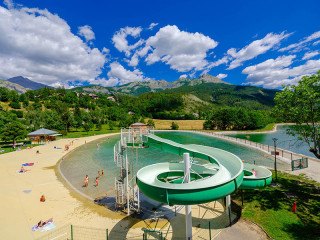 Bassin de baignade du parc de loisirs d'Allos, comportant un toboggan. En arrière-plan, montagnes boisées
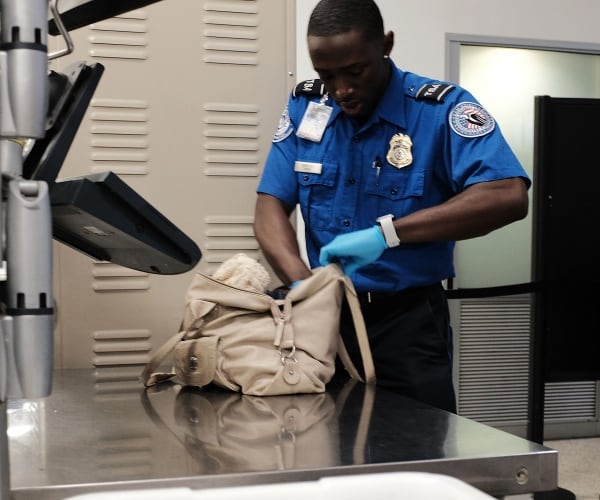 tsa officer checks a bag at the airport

==

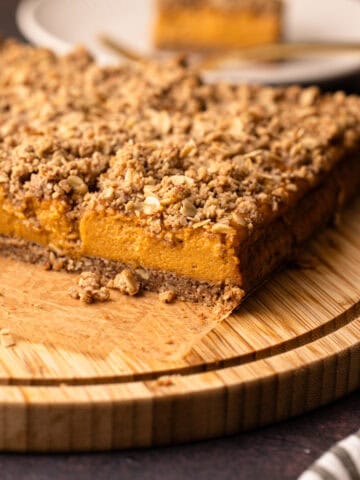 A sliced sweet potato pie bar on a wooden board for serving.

--

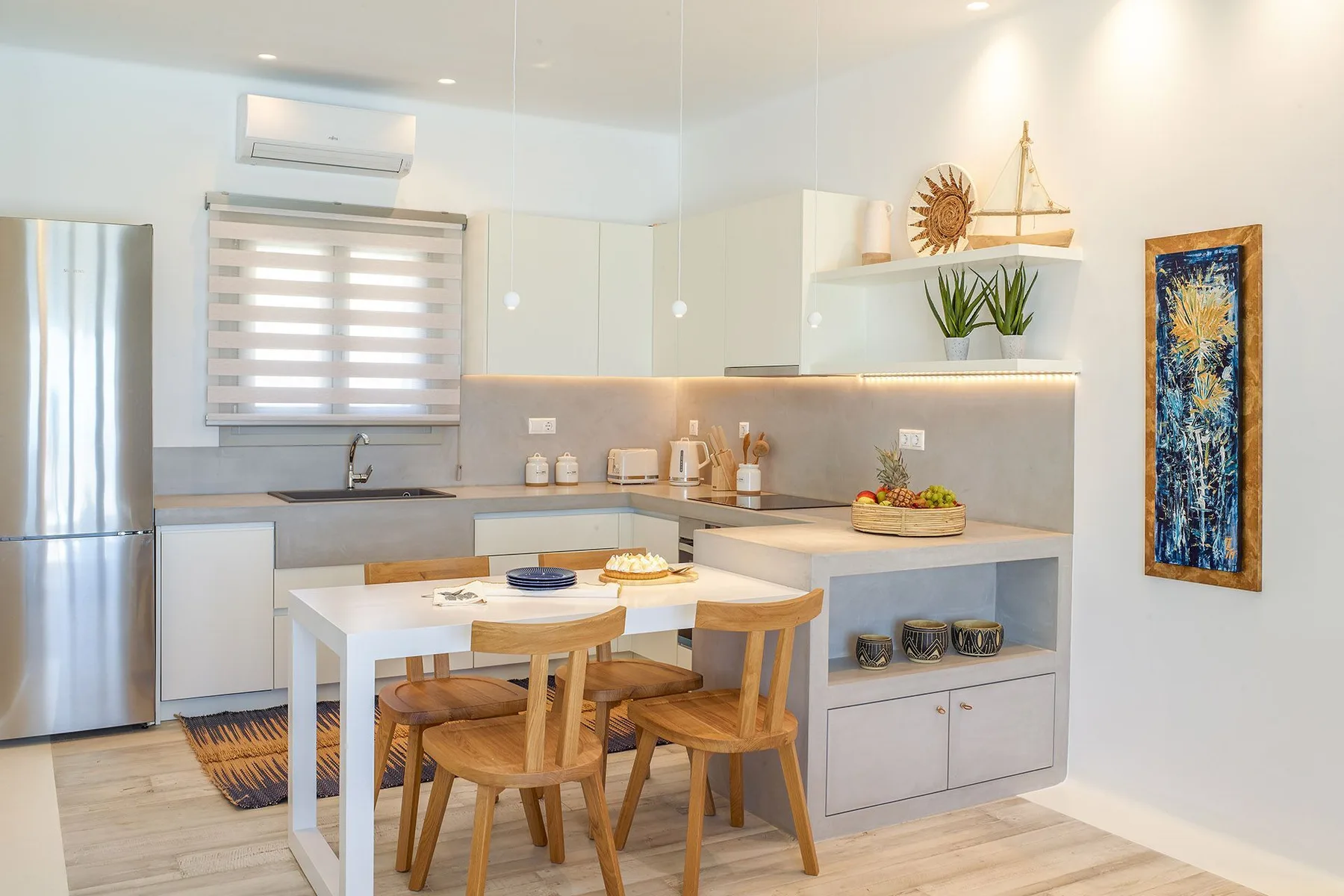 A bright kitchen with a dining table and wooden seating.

HOW TO COMPLETE THIS TASK:
In the material above, one part opens with the line containing "Bassin de baignade" and closes with the line containing "tsa officer checks a bag at the airport". Write out that part exactly and skip its pictures.

EXERCISE OUTPUT:
 Bassin de baignade du parc de loisirs d'Allos, comportant un toboggan. En arrière-plan, montagnes boisées
 tsa officer checks a bag at the airport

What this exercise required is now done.